Quantize inputs explicitly
Always add QActivation as the first layer to quantize inputs. This ensures hls4ml correctly infers input precision.
Use higher precision for first/last layers
Input and output layers often benefit from higher precision. Reserve aggressive quantization for middle layers.
Quantize from pretrained models
Fine-tune a pretrained FP32 model with QKeras quantizers instead of training from scratch. This typically gives better accuracy.
Monitor integer bits carefully
Overflow in fixed-point arithmetic causes severe accuracy loss. Use profiling to ensure integer bits are sufficient.
Always validate quantized models with hls4ml C simulation before synthesis to catch precision issues early.
Troubleshooting
Poor accuracy with binary/ternary
Ensure input layer uses higher precision (8-bit or more)

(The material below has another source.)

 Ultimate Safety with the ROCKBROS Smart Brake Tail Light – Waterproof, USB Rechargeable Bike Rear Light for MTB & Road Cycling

Try ternary instead of binary for more flexibility
Increase network width to compensate for reduced precision
Use batch normalization between layers
NaN or Inf values during training
Reduce learning rate (quantized training is more sensitive)
Add gradient clipping
Increase integer bits in quantizers
Check for overflow in accumulator types
Ensure all layers use QKeras versions (QDense, not Dense)
Add explicit input quantization with QActivation
Check that quantizer configurations are supported
Verify QKeras is installed: pip install qkeras
API Reference
Quantizer Functions
qkeras.quantized_bits(bits, integer = 0 , symmetric = False , alpha = None , keep_negative = True )

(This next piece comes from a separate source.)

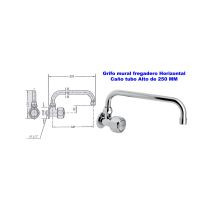 Rubinetto A Parete Orizzontale Con Bocca Alta 24 Cm Genebre 68093 114566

qkeras.binary( alpha = 1.0 )
qkeras.ternary( alpha = 1.0 , threshold = 0.5 )
qkeras.quantized_po2(bits, max_value = None )
qkeras.quantized_relu(bits, integer = 0 , use_sigmoid = False )
qkeras.quantized_tanh(bits, integer = 0 , symmetric = False )
QKeras Layers
qkeras.QDense(units, kernel_quantizer = None , bias_quantizer = None , ... )
qkeras.QConv1D(filters, kernel_size, kernel_quantizer = None , bias_quantizer = None , ... )
qkeras.QConv2D(filters, kernel_size, kernel_quantizer = None , bias_quantizer = None , ... )
qkeras.QDepthwiseConv2D(kernel_size, depthwise_quantizer = None , bias_quantizer = None , ... )
qkeras.QActivation(activation, ... )
qkeras.QBatchNormalization( gamma_quantizer = None , beta_quantizer = None , ... )